Keywords: Wood; Ultrasonic; Wave propagation; Orthotropy; Christoffel equation
Contact information: a: CIRAD, UR BioWooEB, 73 Rue J.F. Breton, Montpellier, France; b: Dept. of Mechanical and Mechatronics Engineering, Universidad Nacional de Colombia, Carrera 45 N° 26-85, Bogotá, Colombia; c: Aix Marseille Univ, CNRS, Centrale Marseille, LMA, 4, Impasse Nikola TESLA, CS 40006, Marseille, France; *Corresponding author: lfespinosam@unal.edu.co
INTRODUCTION
Ultrasonic, non-destructive evaluation methods have been widely used for wood mechanical characterization and decay detection in trees (Saadat-Nia et al. 2011; Reinprecht and Hibký 2011; Hassan et al. 2013; Corigliano et al. 2017). These methods are based on the determination of the wave propagation velocity, as this parameter is directly related to the inner-wood mechanical properties (Ross 2015). Other wood parameters that affect wave propagation include the moisture content, grain orientation, anisotropy, viscoelastic behavior, and wood alterations or modifications (Beall 2002; Bucur 2006).
Wave motion in a homogeneous anisotropic elastic solid can be described by a set of partial differential equations. The Christoffel equation leads to a solution for this set of equations in the form of plane waves, relating the propagation velocity with the material elastic constants and the wave direction of propagation (Royer and Dieulesaint 2000).
Therefore, this relationship can be used to pass from a set of measured velocities to an estimation of the mechanical parameters, a procedure known as inverse problem (Bucur and Archer 1984; Castagnede and Sachse 1989; Bucur 2006; Dahmen et al. 2010; Longo et al. 2012; Gonçalves et al. 2014; Alves et al. 2015; Tallavo et al. 2017).
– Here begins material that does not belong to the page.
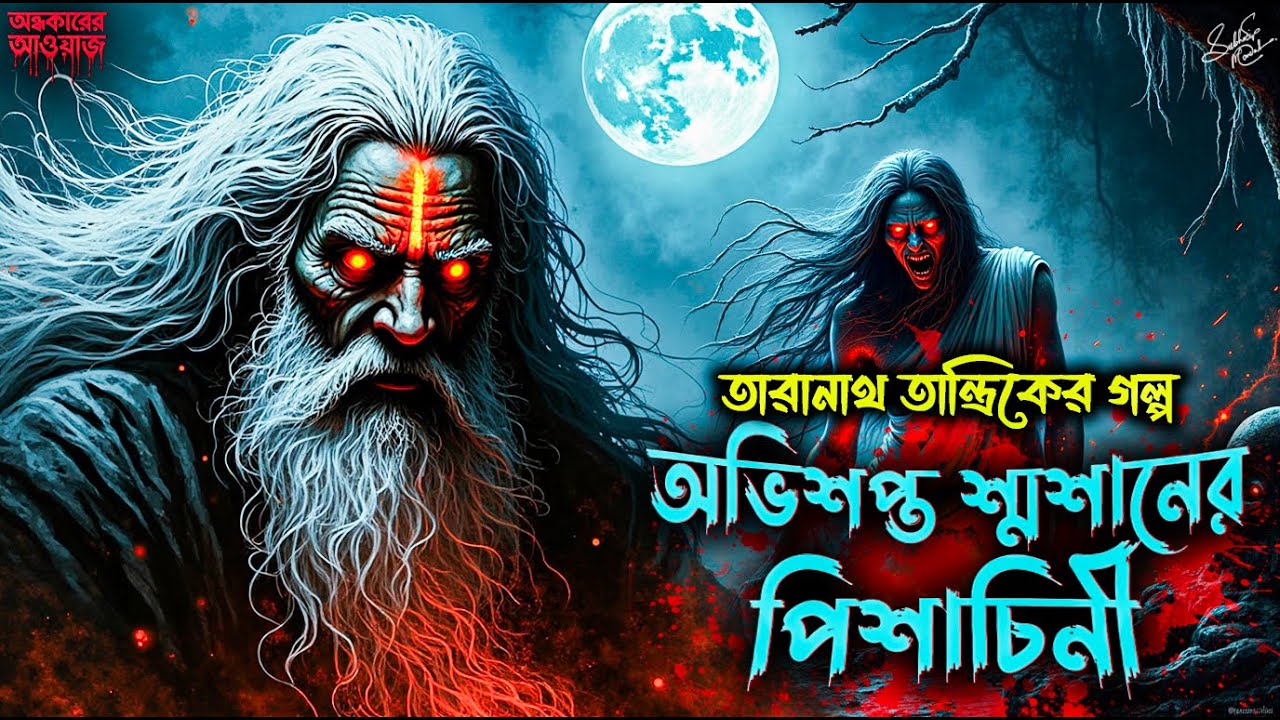 তারানাথ তান্ত্রিকের গল্প - অভিশপ্ত শ্মশানের পিশাচিনী | TARANATH TANTRIK | New Horror Audio Story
For instance, ultrasonic goniometry relies on the principle of inverse problem to determine the elastic constants of the stiffness matrix for the characterization of different composite materials (Siva et al. 2005; Zhao et al. 2016), including wood (Preziosa 1982; Bachtiar et al. 2017). The mentioned procedure works by using small samples with cubic, prismatic, polyhedral geometry, or multifaceted discs, to determine the nine elastic constants of wood, by assuming the homogeneity of the specimens, and thus that the mechanical properties are constants within the specimens.
In the context of the acoustical tomography imaging of standing trees, the wave velocity values are determined for each local area (pixel of the resulting map) of the scanned cross section by solving an ill-conditioned inverse problem with a low number of acoustic measurements (Arciniegas et al. 2014). This problem is solved assuming that the transverse cross section of trees is quasi-isotropic. The hypothesis of isotropy blurs the image and makes it difficult to characterize the mechanical state of wood and the presence of a defect (Arciniegaset al. 2014; Espinosa et al. 2017). A way to overcome this problem is to consider the cross section of a standing tree as being cylindrically orthotropic in the process of inversion, such that the 4 elastic constants of wood for each pixel in the radial-tangential plane could be determined.
This work examined the sensitivity of the mechanical parameters in the computation of the compression wave velocity using the Christoffel equation, by means of a numerical study. First, published data were used to study the effect of anisotropy, according to the orientation of the wave front relative to the radial-tangential plane. Additionally, fluctuations in each value of mechanical parameters were introduced in the velocity computation according to the orientation of the wave front. The results made it possible to examine the consequences of proposing various simplified hypotheses based on an inversion process for standing tree tomography.
EXPERIMENTAL
Materials
Table 1 presents the tree species selected from previously published data (Forest Products Laboratory 2010). The species were chosen to cover a wide range of transverse anisotropy ratio, mechanical parameters, and density. ER/ET is the anisotropy ratio between the stiffnesses in the radial-tangential directions. The variation range of the anisotropy ratio is from 1.36 for Douglas fir to 2.30 for sweetgum.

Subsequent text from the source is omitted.